Virgin Group founder Richard Branson says that he is concerned over the growing number of bitcoin scams that use his likeness to promote fraudulent products and investment schemes. Writing on Virgin’s official blog, Branson wrote that although he has often lauded bitcoin and its potential…
Virgin Group founder Richard Branson says that he is concerned over the growing number of bitcoin scams that use his likeness to promote fraudulent products and investment schemes.
Writing on Virgin’s official blog, Branson wrote that although he has often lauded bitcoin and its potential to disrupt the financial system, it’s “worrying” that so many bitcoin scams claim that he has endorsed their schemes.
“Some of the most regular and worrying fake stories currently spreading online are false endorsements of bitcoin trading schemes,” he wrote. “While I have often commented on the potential benefits of genuine bitcoin developments, I absolutely do not endorse these fake bitcoin stories.”
These particular scams often take the form of fake news stories, falsely alleging that Branson has endorsed or provided financial backing to a cryptocurrency investment product or company.

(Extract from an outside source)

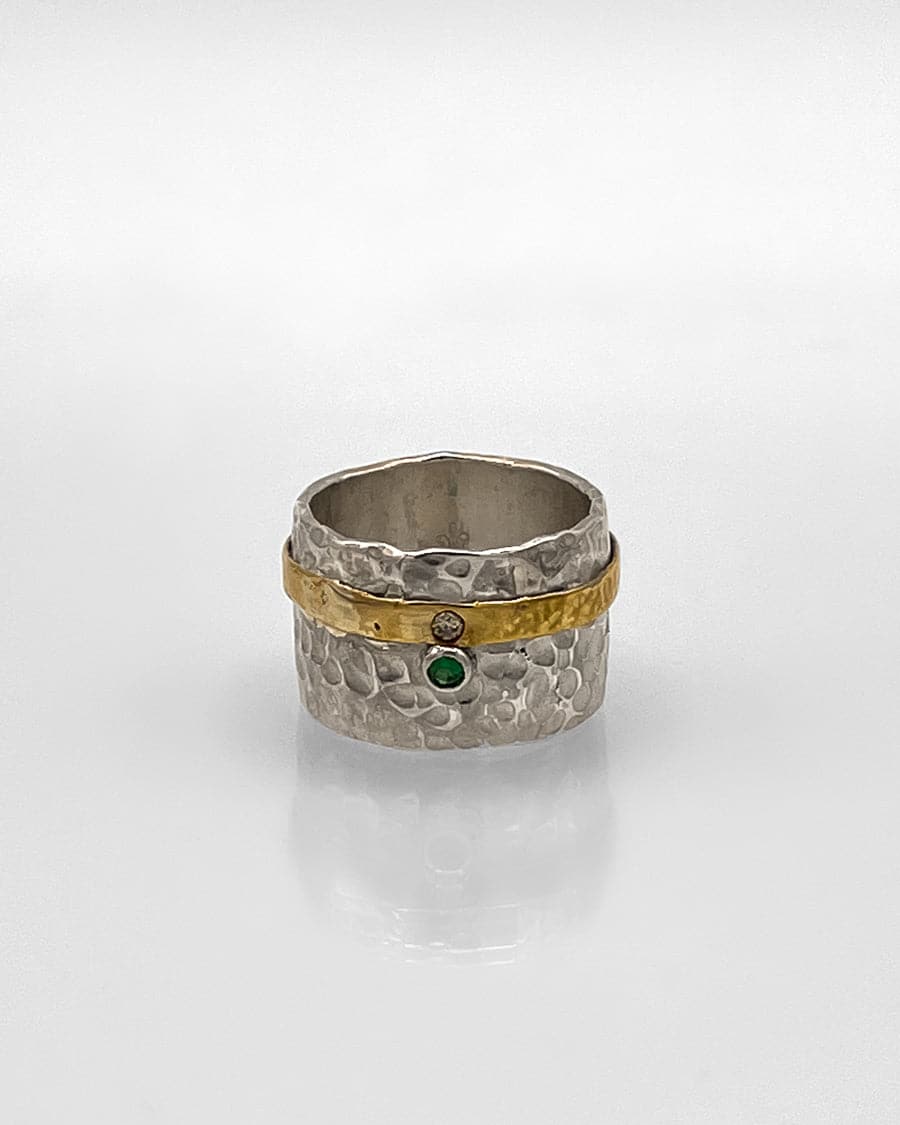 Silver, Brass, Emerald and Diamond Ring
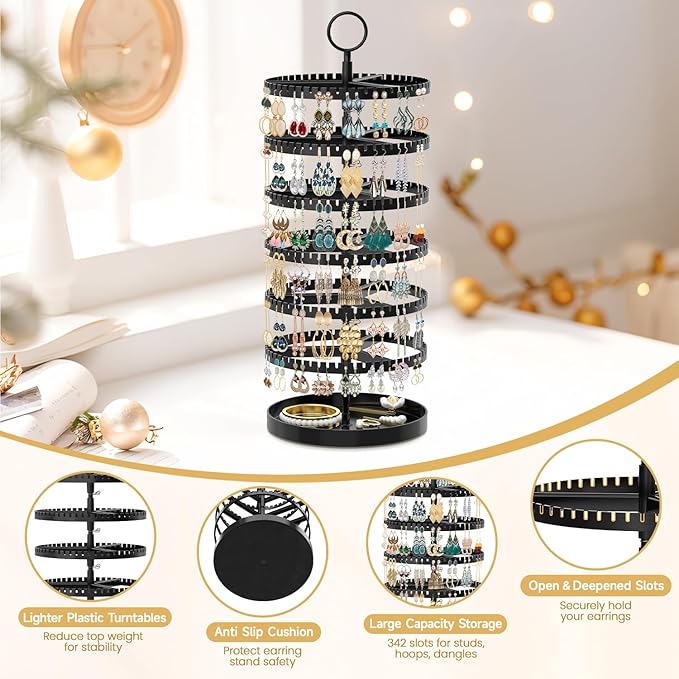 MODOWEY 6 Tier Rotating Earring Holder Organizer Display Tree with Metal Tray, Adjustable Plastic Stand with 342 Slots for Stud Hoop Hanger, Large Capacity Storage Rack for Women Space Saving, Black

In the example above, the creator clearly intends for the reader to believe the article was published by Yahoo, even though the website address will direct users to a different domain.
Of course, the post has other red flags that should tip users off to the scheme, namely the use of the hideous camel case-stylized “BitCoin” and the red Yahoo logo, which the company has not used for more than two decades (though Yahoo Japan still uses a version of it).
Nevertheless, these scams tend to target prospective investors who are less tech-savvy and may not immediately identify these warning signs.
Branson said that the firm’s legal team has dealt with “hundreds of instances” of these scams over the past year alone, adding that the company has also pressured social media platforms to be more proactive about taking these fake stories down.
Cryptocurrency-related scams have become so prevalent that the US Federal Trade Commission (FTC) is sponsoring a workshop next month to help consumers learn how to identify and avoid them. The free event will take place on June 25 at DePaul University in Chicago, and it will also be live-streamed on the FTC’s website.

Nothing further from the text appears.